Time-resolved Raman spectroscopy study of rapid compressed silicon and its potential as a Raman pressure scale in a dynamic diamond anvil cell

Abstract

The nature of the nonequilibrium states of materials upon rapid compression/decompression processes in the intermediate regime, between static and shock compression, is an emerging field of high pressure research. Rapid compression experiments were performed to examine the structural response of silicon (Si) up to 11 GPa and over compression rates ranging from 0.011 to 0.325 GPa/s, using a piezo-driven dynamic diamond anvil cell (dDAC) coupled with time-resolved Raman spectroscopy.
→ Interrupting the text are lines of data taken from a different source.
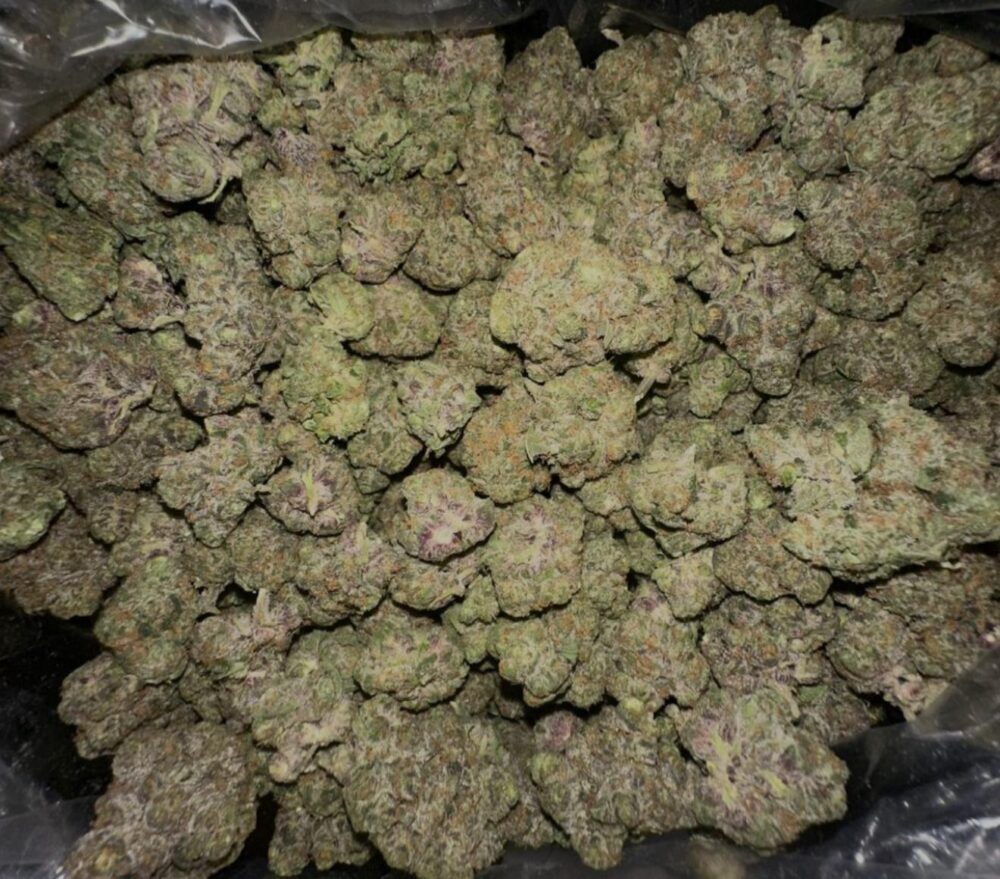 Apple Fritter Strain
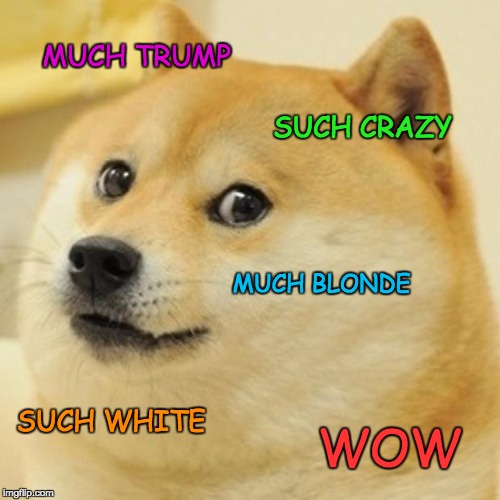 Doge Meme | MUCH TRUMP SUCH CRAZY MUCH BLONDE SUCH WHITE WOW | image tagged in memes,doge | made w/ Imgflip meme maker
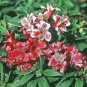 100 PCS Seeds Peruvian Lily Alstroemeria Flower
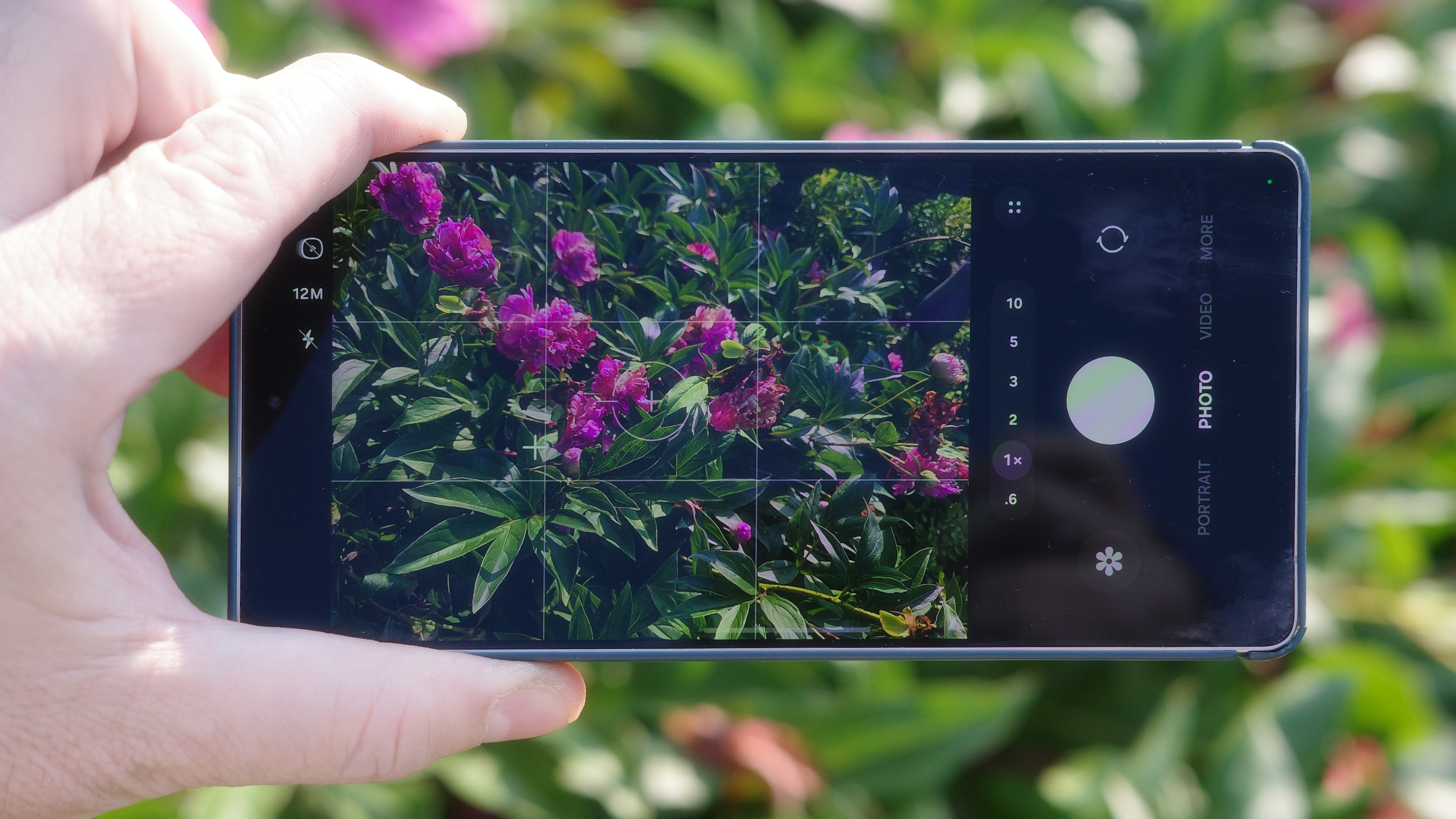 The best camera phones taking photos of red flowers in direct sunlight held individually and side by side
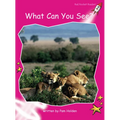 What Can You See?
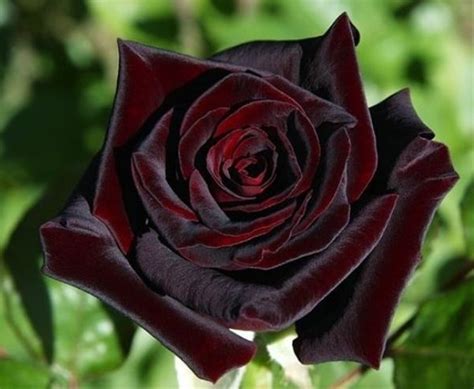 Rose Black Baccara Standard Rose Roses Flowers By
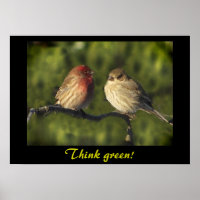 Lovebirds Denke ökologisch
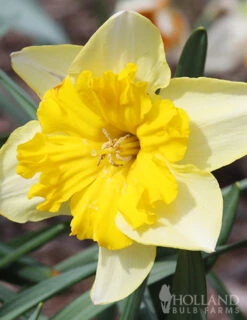 Menu The Everything Spring Garden Collection 21 Menu The Everything Spring Garden Collection -Holland Bulb Farms 89112 the everything spring garden collection 4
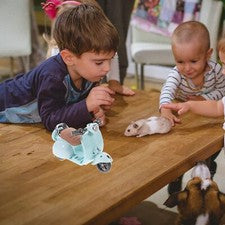 Rotating Hamster and Guinea Pig Motorbike Cage with Hideout and Accessories Magic Cars 3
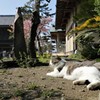 鎌倉にゃん歩その2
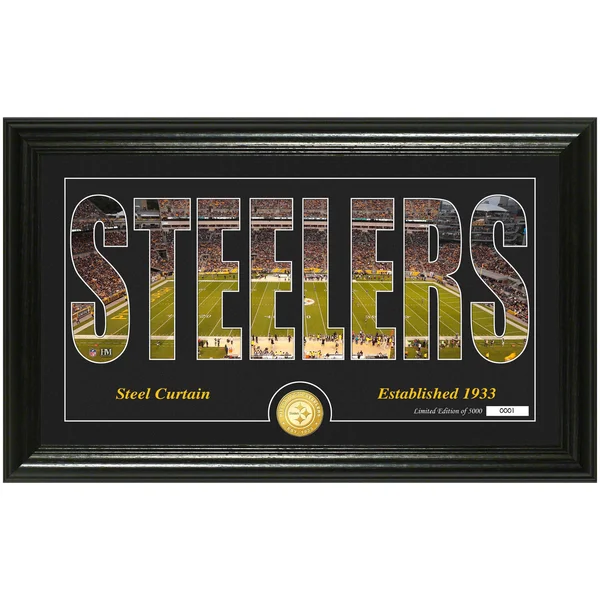 Pittsburgh Steelers Silhouette Bronze Coin Panoramic Photo Mint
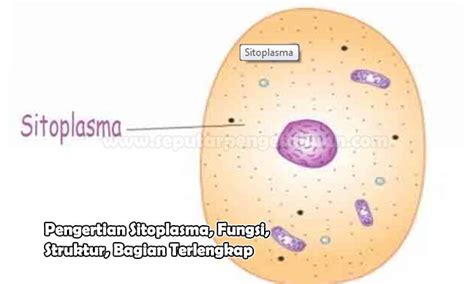Sitoplasma Pengertian Fungsi Struktur Dan Bagiannya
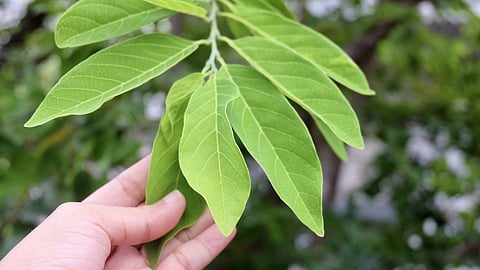 Ramphal Leaves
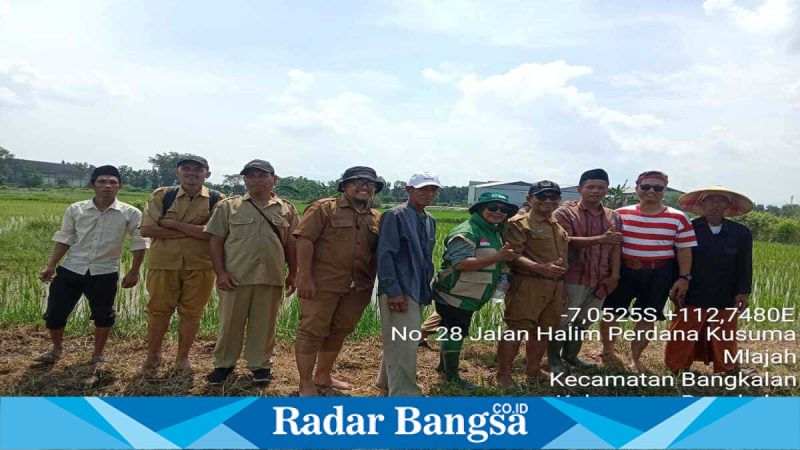 Sosialisasi tanam benih padi biofortifikasi di Mlajah Timur, Senin (4/5/2026). (Foto Dok Ho/RadarBangsa.co.id)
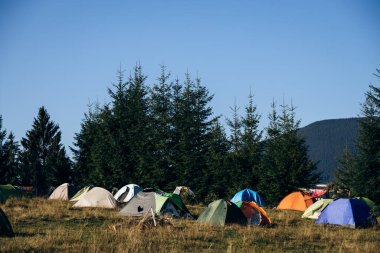 Dağlarda yaz kampı. Ormanın ortasındaki çadır şehri.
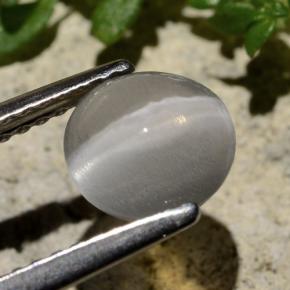 Sillimanite Occhio di Gatto color fumo naturale da 1.59 ct, Taglio rotondo, Trasparente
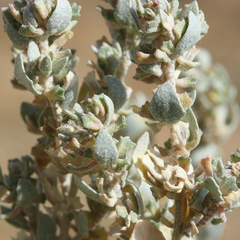 Atriplex turbinata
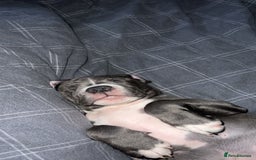 Staffordshire Bull Terrier dogs for sale: Blue  - Image 16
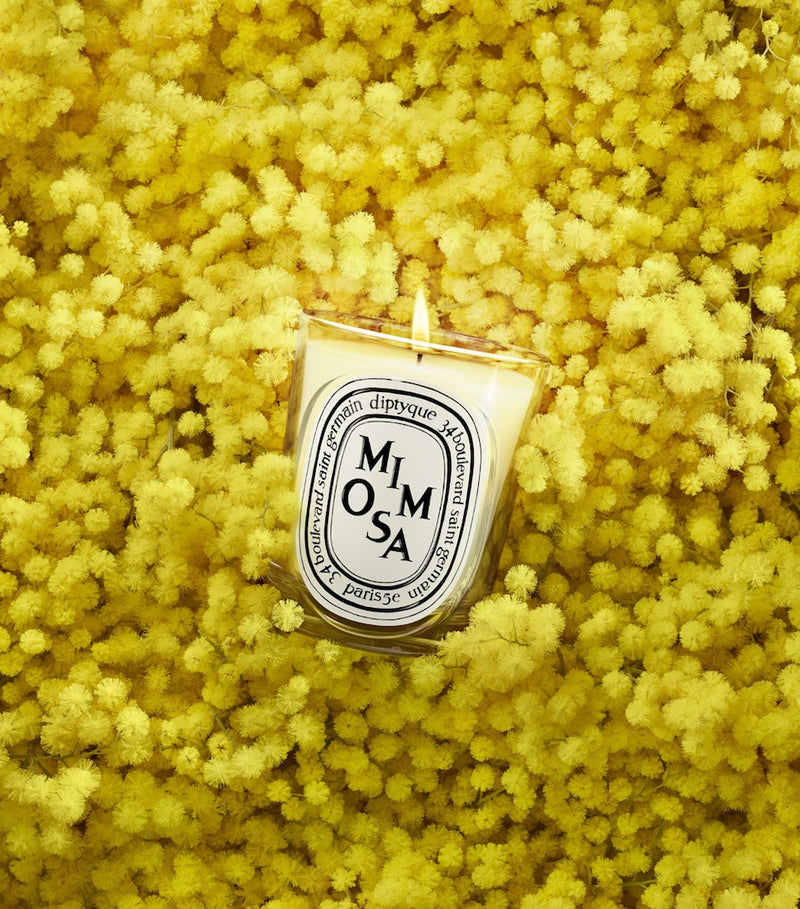 Diptyque mimosa scented candle 190g, UK version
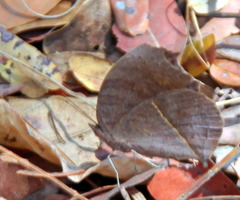 Junonia artaxia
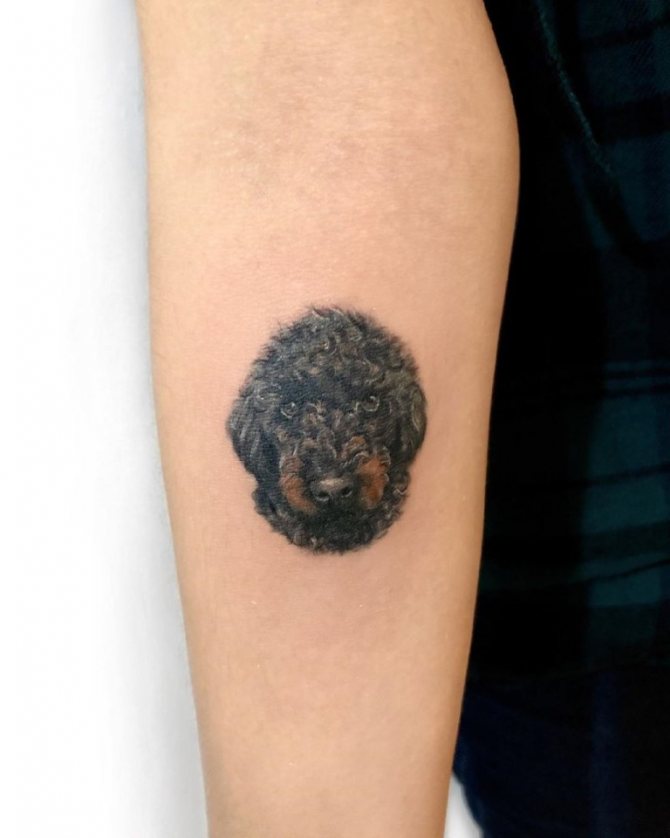 significato di cane tatuato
The observed structural stability and the remarkable consistency in the pressure-dependent Raman shift of the diamond cubic Si (Si-I) showed its high potential as a Raman pressure scale for compression rate below 0.325 GPa/s. The validity of the derived Si scale was verified by in situ continuously monitoring pressure of two rapid compressed samples, that is, gypsum and ZnO. Results indicated that pressures determined using Si were in good agreement with those estimated from the ruby scale. Success in pressure calibration with Si, during time-resolved Raman spectroscopy measurements of material under rapid compression using a dDAC, will greatly simplify the required hardware system in home-laboratory and may also help in reaching a higher signal-to-noise in Raman measurement on a short time scale.